I #Plasmidi sono DNA circolari di piccole dimensioni, indipendenti dal cromosoma batterico e che non sono fondamentali per la crescita della cellula ma forniscono **proprietà aggiuntive** per la crescita, resistenza, resilienza.
La cellula batterica ha un solo cromosoma ed è per questo detta #Aploide.
L'eucariota è una cellula #Diploide, quindi si hanno due copie per ogni cromosoma, 1 dalla madre ed 1 dal padre, parliamo quindi di cromosomi #Omologhi.
Il DNA è dentro il nucleo.
Non tutte le c. eucariote sono diploidi ma ci sono delle eucariotiche aploidi, come spermatozoii e uova.

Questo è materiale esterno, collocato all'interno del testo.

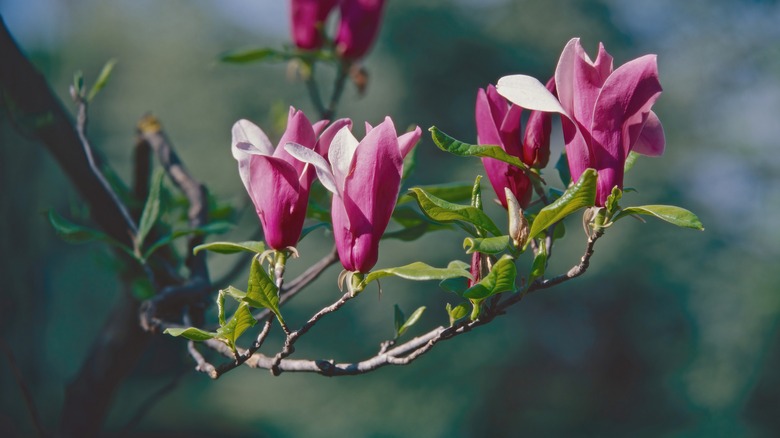 Stem of Jane magnolia tree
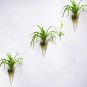 Set of 3 cone wall terrarium//indoor wall planters/ taper glass vase for wall decor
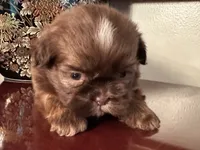 Mr Velveteen , a male Shih Tzu for sale in Ashburnham, MA – 3 of 5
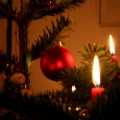 noel07_029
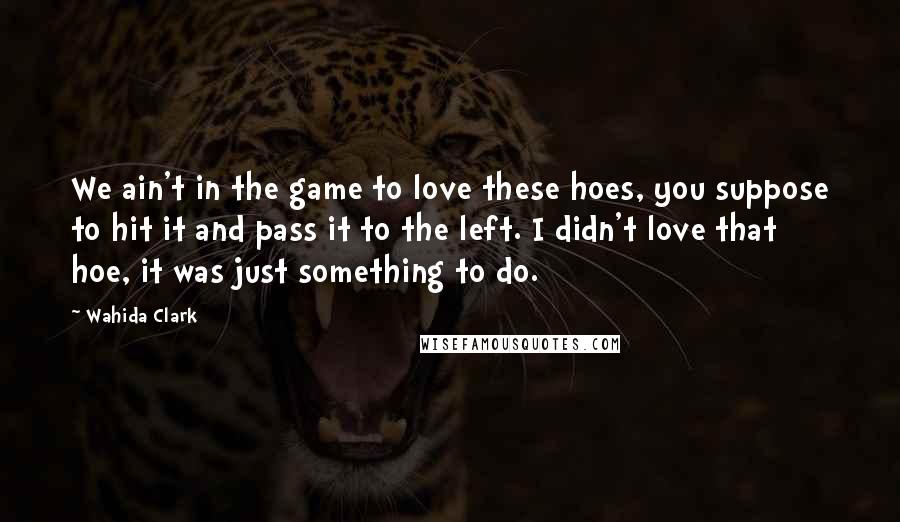 Wahida Clark Quotes: We ain't in the game to love these hoes, you suppose to hit it and pass it to the left. I didn't love that hoe, it was just something to do.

La grandezza del genoma viene indicato in megabasi (1 megabase = 1 milione di paia di basi).
Quello che sorprende è il fatto che organismi che dal punto di vista della complessità non sono similari, abbiano grandezza del genoma simile; <u>organismi più semplici hanno un numero di geni minore rispetto a organismi più complessi.</u>
La <u>densità genica</u> rappresenta il numero di geni all'interno di una megabase di DNA e viene ottenuta dividendo la grandezza del genoma per il numero approssimativo di geni.
<u>La densità genica diminuisce all'aumentare della complessità dell'organismo eucariotico</u>, per due fattori:
1. I geni eucarioti hanno dimensioni superiori, a causa della presenza di introni. 5% esoni, 95% introni; gli introni andranno rimossi mediante splicing durante la #Maturazione del pre-mRNA.

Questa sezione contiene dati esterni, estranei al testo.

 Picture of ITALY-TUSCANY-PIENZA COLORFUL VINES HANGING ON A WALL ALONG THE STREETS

Nei procarioti non abbiamo introni, quindi massima densità genica.
2. Il DNA esistente tra i geni è in quantità elevata; a livello del DNA vi sono diverse #SequenzeIntergeniche che non sono strettamente correlate con i geni stessi.
I geni che codificano per RNA funzionale servono per la sintesi delle proteine.

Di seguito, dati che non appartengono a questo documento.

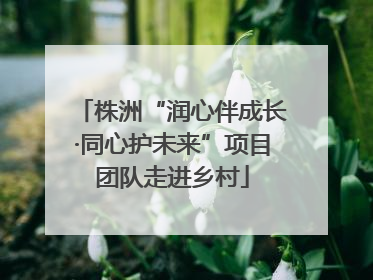 株洲“润心伴成长·同心护未来”项目团队走进乡村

Gli #Pseudogeni derivano da un'infezione virale che ha inserito nel DNA, tramite trascrittasi inversa, geni che non si attiveranno mai, dal momento che sono privi di sequenze regolatrici.
Le <u>sequenze a basso numero copie</u> sono poco ripetute all'interno del genoma e non si conosce la loro funzione.
Gli #ElementiInterspersi sono soprattutto #Trasposoni, ovvero sequenze di DNA che da una regione si spostano ad un'altra in maniera casuale, lasciando una copia originaria di sè nel punto da cui si sono spostati.
Le #RipetizioniInTandem, ovvero <u>DNA satellite</u> sono suddivisi in: **minisatelliti** (sequenze di 10-15 pb ripetute anche 1000 volte nel genoma) e **microsatelliti** (segmenti di 2-6 pb ripetuti fino a 100 volte consecutive).
La presenza di sequenze intergeniche va a diminuire la densità genica che si trova a livello del DNA.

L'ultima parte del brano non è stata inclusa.